Could you copy exactly the lines below, beginning at the line with "And I'm also" and stopping after the line with "This is why", with no pictures?

▼

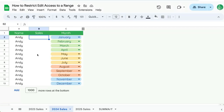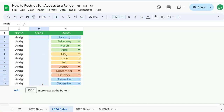In this video I'm going to share with you how to restrict edit access to a range. We have a bunch of sheets and a bunch of editors, and there's one specific range that we do not want them to edit. For instance, this 2024 sales sheet — we only want them to fill in the B column. If they change anything in A or C, our data is going to be a mess. So here's how to do that.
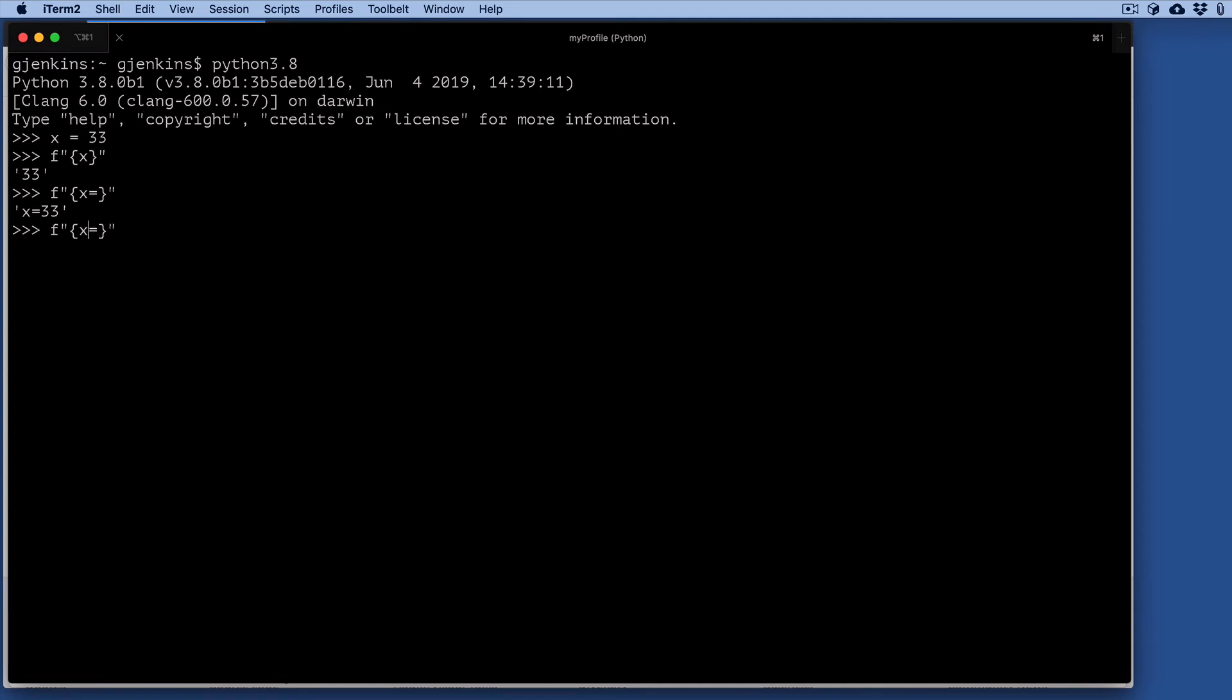It also allows you to put spaces around it. You can see it says x, and it adds spaces around the equal.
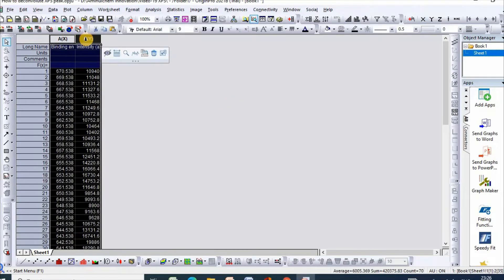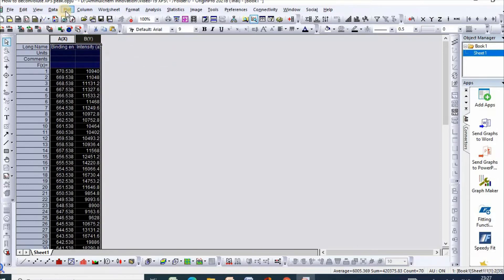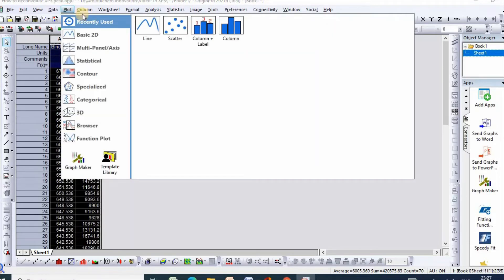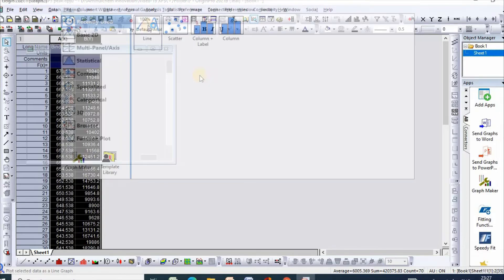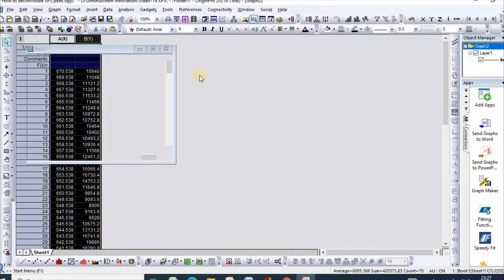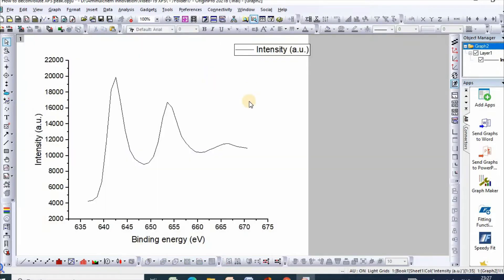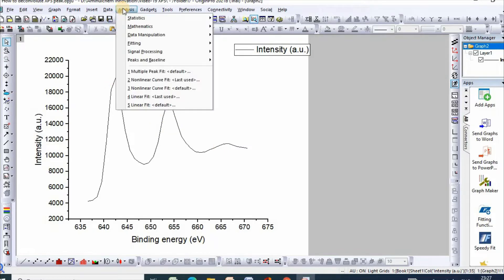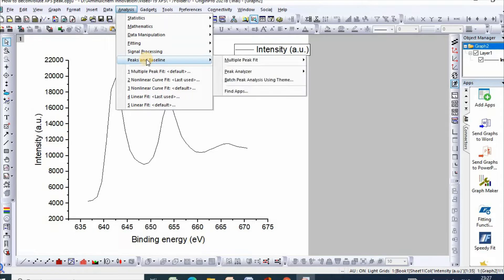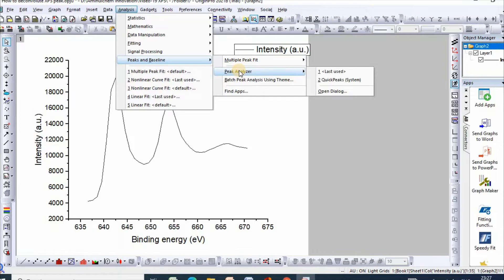Then select and click Plot, then select Line. So here is your XPS spectra. Then go to Analysis, then Peaks and Baseline. At first, you need to make baseline correction, then Peak Analyzer.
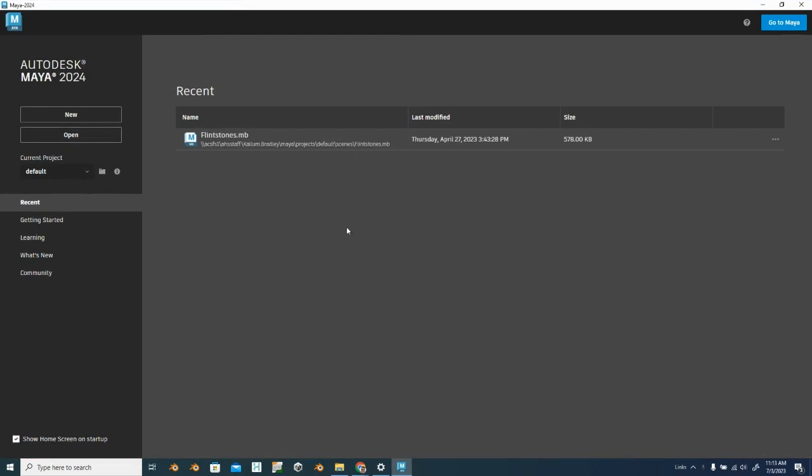First thing we're going to do is set our current project to a new project. So here on our brand new Maya, we haven't even opened a file yet, our current project is set to default.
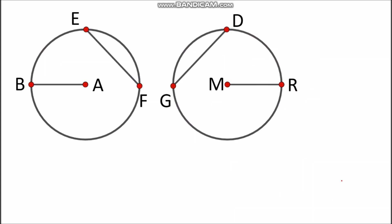For another example, consider two different circles — circle A and circle M — but assume that these two circles are congruent. The radii are segment AB and segment MR respectively. Since segment AB is congruent with segment MR, that makes circle A and circle M congruent.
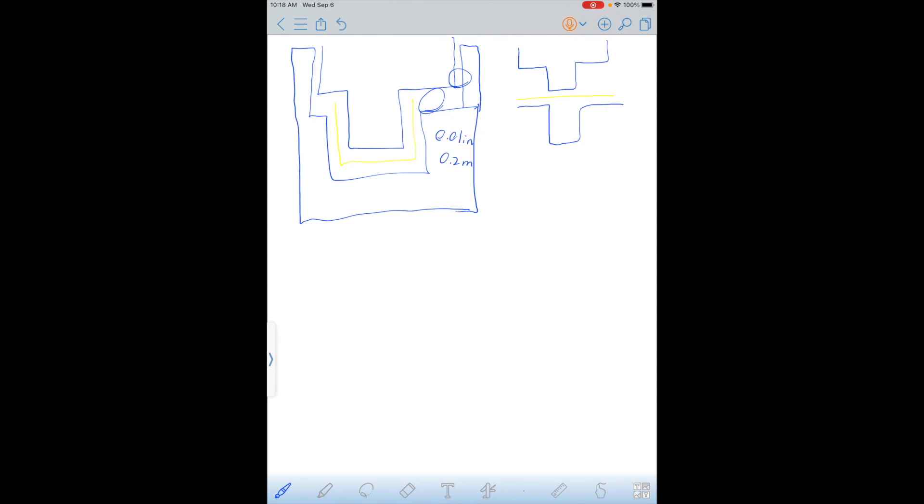And I'm also going to have to add the holes, so there's the bottom piece with a cross-sectional view. It looks like this. There's that ledge, and the holes are going to have to be here and here.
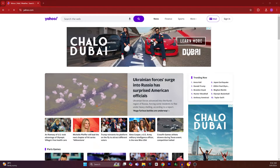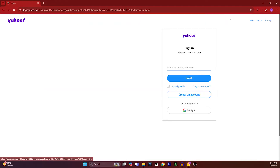Hey guys, today I'm going to show you how to recover a Yahoo account without a phone number or email. First of all, head over to the yahoo.com website — I'm using the web version — and click on Sign In.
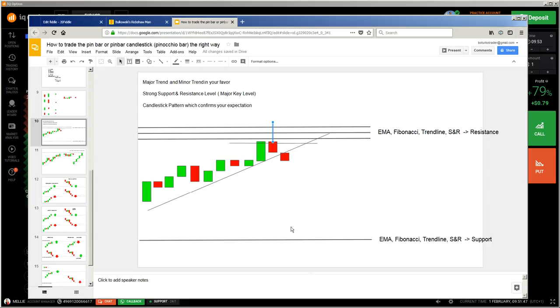This is why a Marubozu candlestick is almost often a continuation pattern, because there is no wick, no rejection, and so you can be pretty much sure that it would be a continuation.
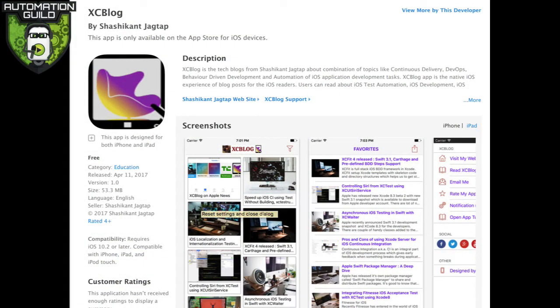Hi everyone, and welcome to Automation Guild conference session on getting started with XCUITest. My name is Shashi. I work in London, and recently I've been doing a lot of things about iOS DevOps, continuous delivery, test automation, and PTT. I do have a blog and I do have an iOS app for my blog. Feel free to check out XE blog on the App Store or on the internet to get more information about me or my blogs.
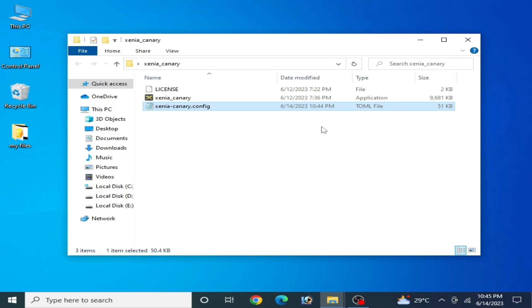Hey guys, welcome back to the channel. Today in this video I will show you how to fix crashing in your Xenia emulator. This video is about Xenia crash fix. If you are facing a crashing problem on startup or after starting your Xenia emulator, I will explain everything to fix the crash on your PC.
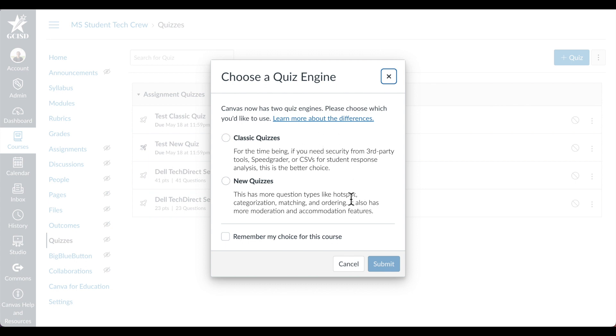However, eventually Classic Quizzes will no longer be supported. New Quizzes is the best option moving forward. It also has a lot more question types like hotspot, categorization, matching, and ordering. It has more moderation and accommodation features as well.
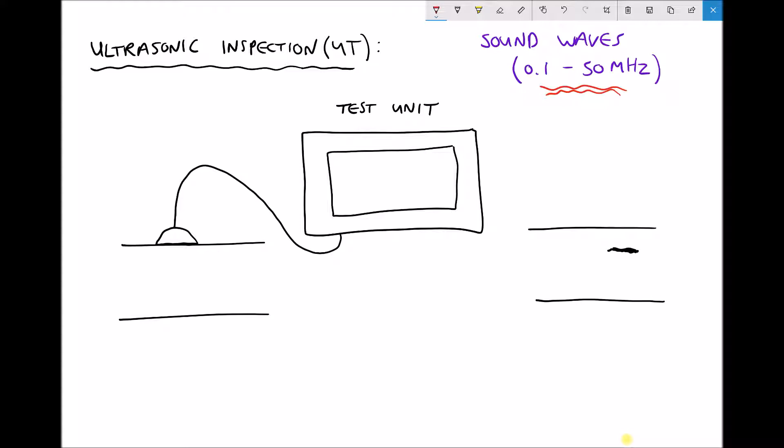In the centre here we have our ultrasonic test unit, and first of all we are going to use this to detect the wall thickness of a pipe or cylinder. On the left hand side we have the wall of our pipe or cylinder and on top of that we have the transducer of our test unit.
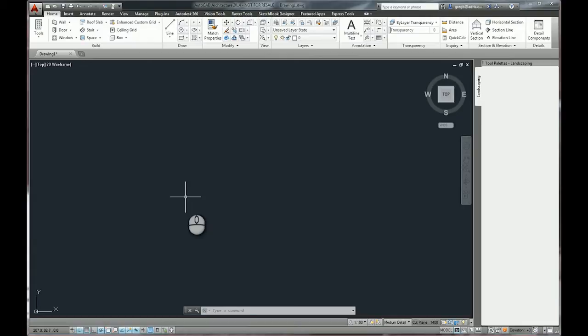Essentially the Content Browser is a library of catalogues that lets you store, share, and organize AutoCAD content tools and palettes. The Content Browser is available in AutoCAD Architecture and AutoCAD MEP.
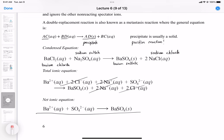Now that we've gone over how to get the net ionic equation, we're going to do two examples in the next video. See you then.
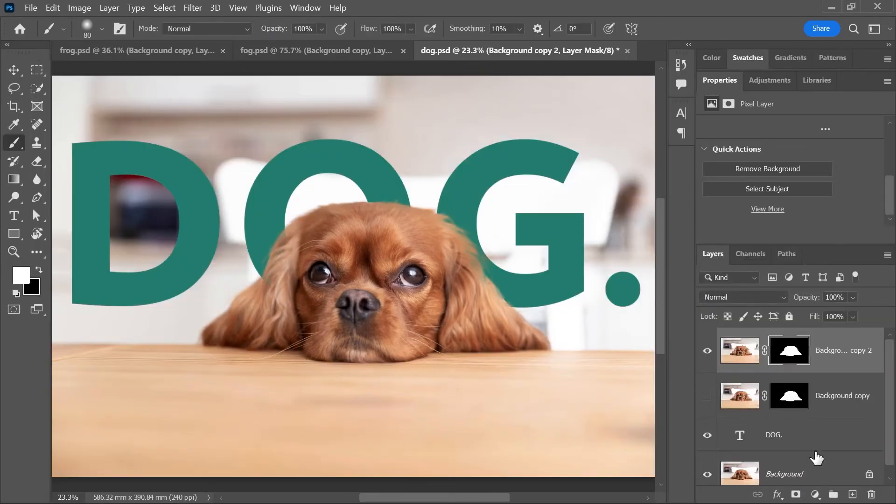And now we have a much better mask. That's it. If you want to quickly remove a simple background, then go ahead and use the remove background button.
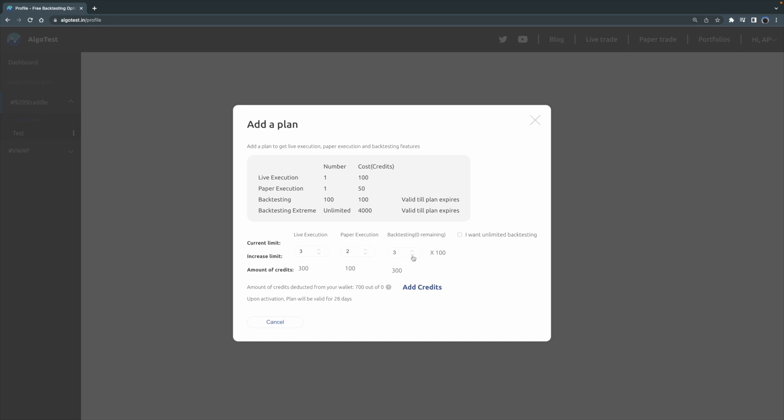One last thing I want to mention is that let's say somebody has a lot of ideas that they want to test in the market, and 200, 300, 400 backtests a month is not going to cut it for them. In that case, we also have an unlimited backtesting feature.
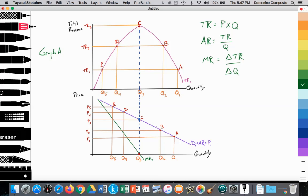Here we have our downward sloping demand curve in accordance to the law of demand, which is equal to average revenue, which is equal to price. Average revenue is total revenue divided by quantity, which is the average revenue gained for each unit sold, which makes sense that it's equal to price.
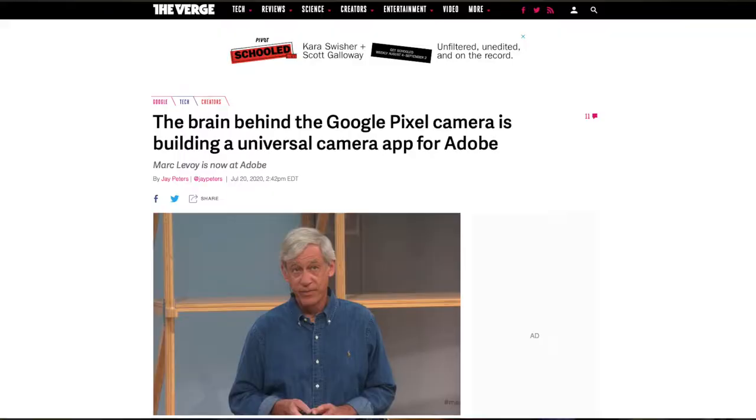Hey, what's up everyone, it's Alter Tech back again with a new video. Today we have some exciting news: Marc Levoy, the guy who created the Pixel software and that amazing camera system, is actually partnering up with Adobe for a universal smartphone camera app. This could be a complete game changer because it could pretty much level out the gap in camera performance from manufacturers like Nokia and Motorola. Let me go ahead and bring up the article from The Verge.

▲

* [Output for this exercise]
And I'm also going to have to add the holes, so there's the bottom piece with a cross-sectional view. It looks like this. There's that ledge, and the holes are going to have to be here and here.
Hey guys, today I'm going to show you how to recover a Yahoo account without a phone number or email. First of all, head over to the yahoo.com website — I'm using the web version — and click on Sign In.
This is why a Marubozu candlestick is almost often a continuation pattern, because there is no wick, no rejection, and so you can be pretty much sure that it would be a continuation.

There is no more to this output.